As Jesus walked the earth, many people walked with Him. We are aware of the disciples, but there were also always others. Some got it and some did not. Some grew to understand what Jesus offered, others did not. Some were changed, others were not, but still they walked on.
Jesus addressed the reason why some got it and others didn’t in today’s text. I want you to listen carefully because God wants us all to “get it,” to understand what Jesus offers and to be changed through what He wants us to understand.
The other day I was speaking with someone about the condition of one of our sister churches. Where it had once been a thriving, energetic body of believers who were spreading the gospel and ministering to families today it struggles to keep going. Once it was packed out; today it is pitifully empty. In the conversation I was asked this question: “So is that what lies in store for Woodlawn?” You should know that I have been asked that question several times in the last couple of years, only once by someone outside our church. It is a question that is asked because these people see something they fear others do not see or do not want to see.
What is my answer to the question? Is that what lies in store for Woodlawn? I’ll tell you in a moment. For now I want you to read with me Luke 5:33, where we find the scribes and Pharisees at odds with Jesus.
“And they said unto him, Why do the disciples of John fast often, and make prayers, and likewise the disciples of the Pharisees; but thine eat and drink?”
Their question, this conflict the Pharisees have sets up everything Jesus is about to say. But keep in mind that this episode began when Jesus healed the man with palsy and forgave his sins. He then called Levi and was the guest of honor at the feast that followed.
So put it all together. “Why do you eat with sinful people who are socially and morally unacceptable? And why is it that while everyone else is fasting and praying your disciples are feasting and not praying? Let’s read what Jesus says in verses 34-39.
“And he said unto them, Can ye make the children of the bridechamber fast, while the bridegroom is with them? But the days will come, when the bridegroom shall be taken away from them, and then shall they fast in those days. And he spake also a parable unto them; No man putteth a piece of a new garment upon an old; if otherwise, then both the new maketh a rent, and the piece that was taken out of the new agreeth not with the old. And no man putteth new wine into old bottles; else the new wine will burst the bottles, and be spilled, and the bottles shall perish. But new wine must be put into new bottles; and both are preserved. No man also having drunk old wine straightway desireth new: for he saith, The old is better.”
The Old Problem
The Pharisees and scribes were at odds with Jesus because of two problems they had.
First, they were fasting when they should have been feasting.

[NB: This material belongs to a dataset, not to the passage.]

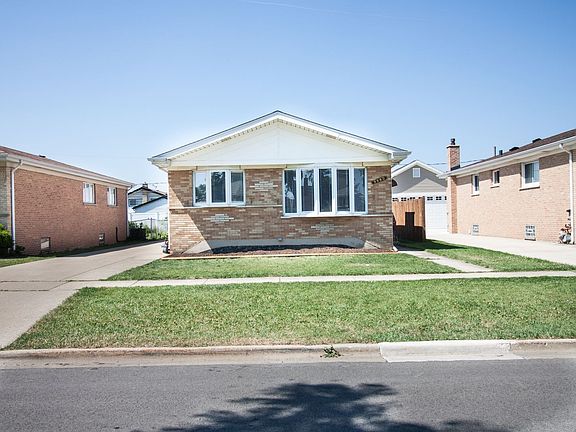 3rd image of 9880 Ivanhoe Ave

These were very pious men. Luke 18 tells us of at least one Pharisee who fasted twice each week, which may have been the normal practice. Twice each week the Pharisees would mark themselves and their dress with evidence of mourning and sorrow while they abstained from food. It isn’t hard to see why. They had once been among the mightiest and wealthiest nations on earth. Now they were under Roman rule, the fourth of four empires to rule over them in many years: Babylon, Medo-Persians, Greeks and now the Romans.
Had God forsaken them? After all, they hadn’t had a word from the Lord for 400 years. To put that in perspective, remember that our own nation gained its independence only 230 years ago. For 400 years God was silent, so the people fasted and prayed, pleading for His intercession.